PERSON: Personalized information retrieval evaluation based on citation networks

摘要

Despite the importance of personalization in information retrieval, there is a big lack of standard datasets and methodologies for evaluating personalized information retrieval (PIR) systems, due to the costly process of producing such datasets. Subsequently, a group of evaluation frameworks (EFs) have been proposed that use surrogates of the PIR evaluation problem, instead of addressing it directly, to make PIR evaluation more feasible. We call this group of EFs, indirect evaluation frameworks. Indirect frameworks are designed to be more flexible than the classic (direct) ones and much cheaper to be employed.
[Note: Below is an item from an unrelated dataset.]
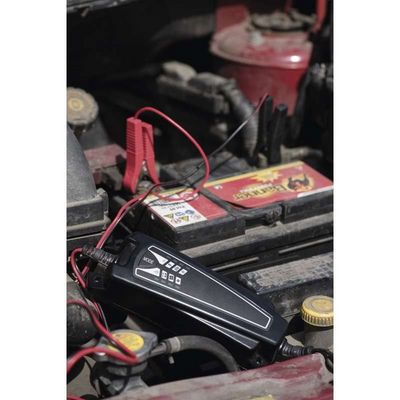 Nabíječka autobaterií 6/12V 4A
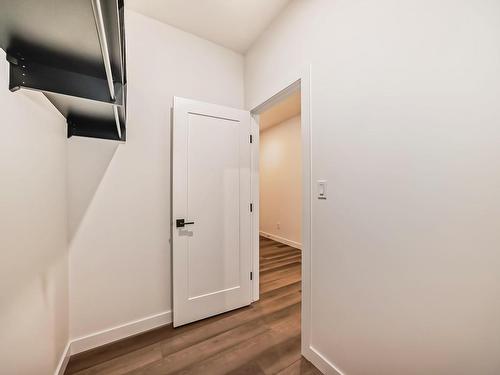 1512 Ainslie Place, Edmonton, AB - Indoor Photo Showing Other Room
However, since there are many different settings and methods for PIR, e.g., social-network-based vs. profile-based PIR, and each needs some special kind of data to do the personalization based on, not all the evaluation frameworks are applicable to all the PIR methods. In this paper, we first review and categorize the frameworks that have already been introduced for evaluating PIR. We further propose a novel indirect EF based on citation networks (called PERSON), which allows repeatable, large-scale, and low-cost PIR experiments. It is also more information-rich compared to the existing EFs and can be employed in many different scenarios. The fundamental idea behind PERSON is that in each document (paper) d, the cited documents are generally related to d from the perspective of d’s author(s). To investigate the effectiveness of the proposed EF, we use a large collection of scientific papers. We conduct several sets of experiments and demonstrate that PERSON is a reliable and valid EF. In the experiments, we show that PERSON is consistent with the traditional Cranfield-based evaluation in comparing non-personalized IR methods. In addition, we show that PERSON can correctly capture the improvements made by personalization. We also demonstrate that its results are highly correlated with those of another salient EF. Our experiments on some issues about the validity of PERSON also show its validity. It is also shown that PERSON is robust w.r.t. its parameter settings.